→ **WORK REQUIRED**:
Your answer must be the full listing, word for word, with no images in it.

→ **RECORDED DATA**:

--

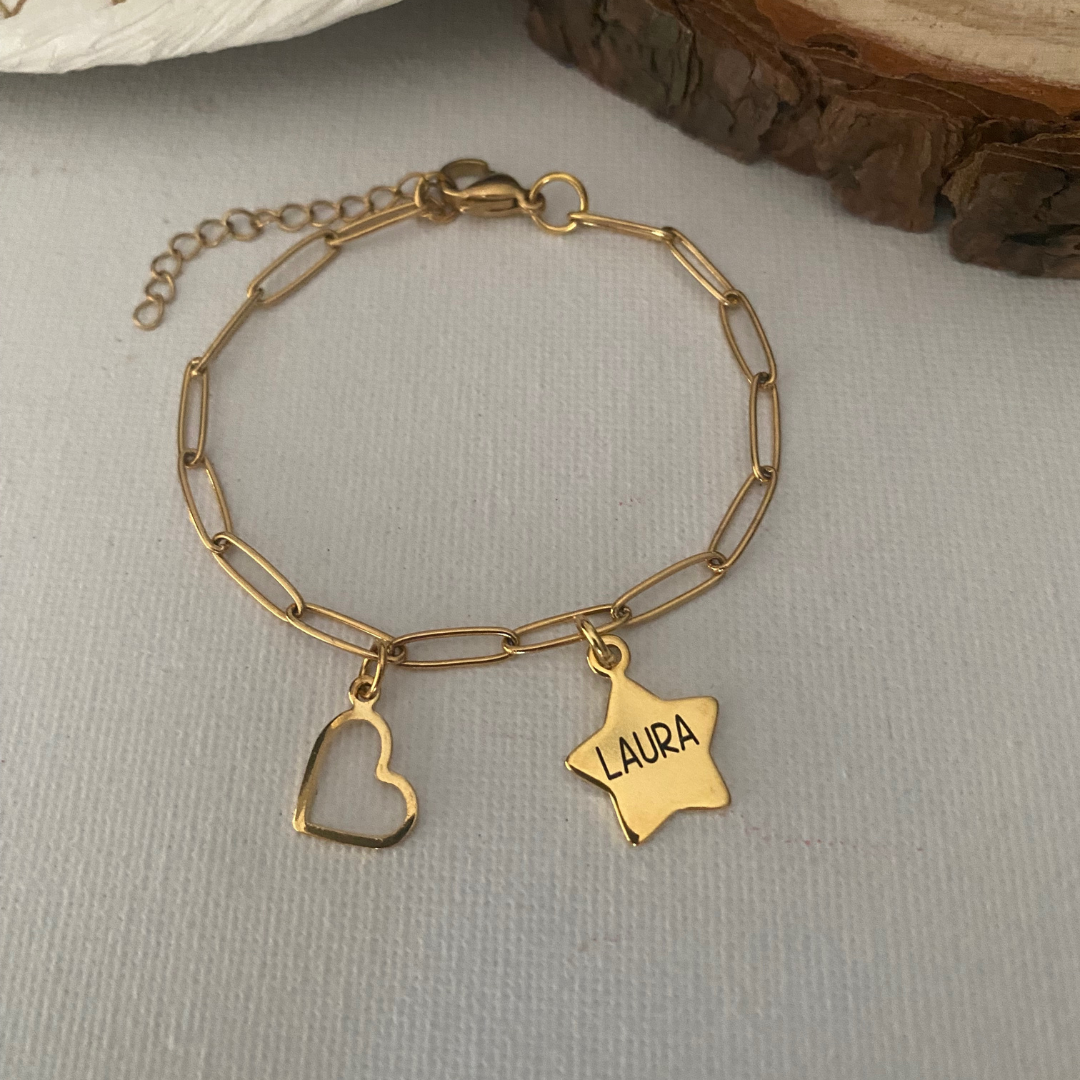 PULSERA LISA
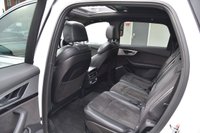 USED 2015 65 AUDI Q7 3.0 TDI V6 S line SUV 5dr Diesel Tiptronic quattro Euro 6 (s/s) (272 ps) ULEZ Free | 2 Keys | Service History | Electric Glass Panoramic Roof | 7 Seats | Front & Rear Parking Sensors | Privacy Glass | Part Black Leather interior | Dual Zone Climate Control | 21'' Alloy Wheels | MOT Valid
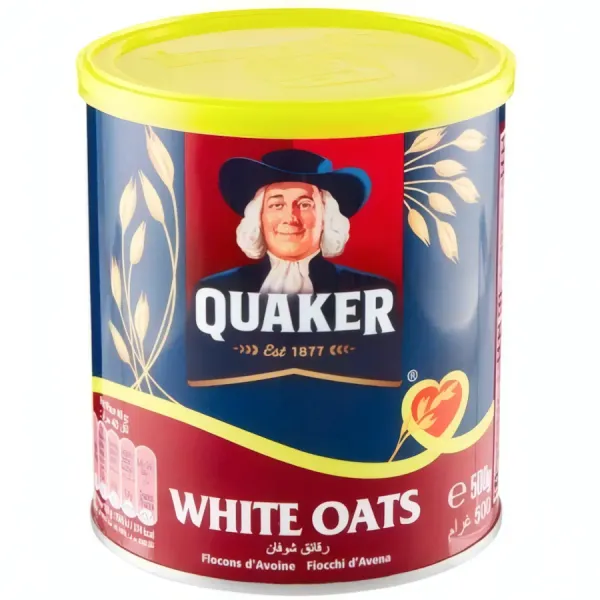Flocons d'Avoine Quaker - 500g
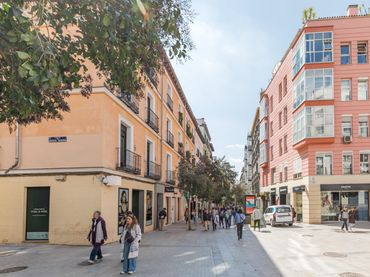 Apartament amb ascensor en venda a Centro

--

→ **ANSWER TO THIS TASK**:
 PULSERA LISA
 USED 2015 65 AUDI Q7 3.0 TDI V6 S line SUV 5dr Diesel Tiptronic quattro Euro 6 (s/s) (272 ps) ULEZ Free | 2 Keys | Service History | Electric Glass Panoramic Roof | 7 Seats | Front & Rear Parking Sensors | Privacy Glass | Part Black Leather interior | Dual Zone Climate Control | 21'' Alloy Wheels | MOT Valid
Flocons d'Avoine Quaker - 500g
 Apartament amb ascensor en venda a Centro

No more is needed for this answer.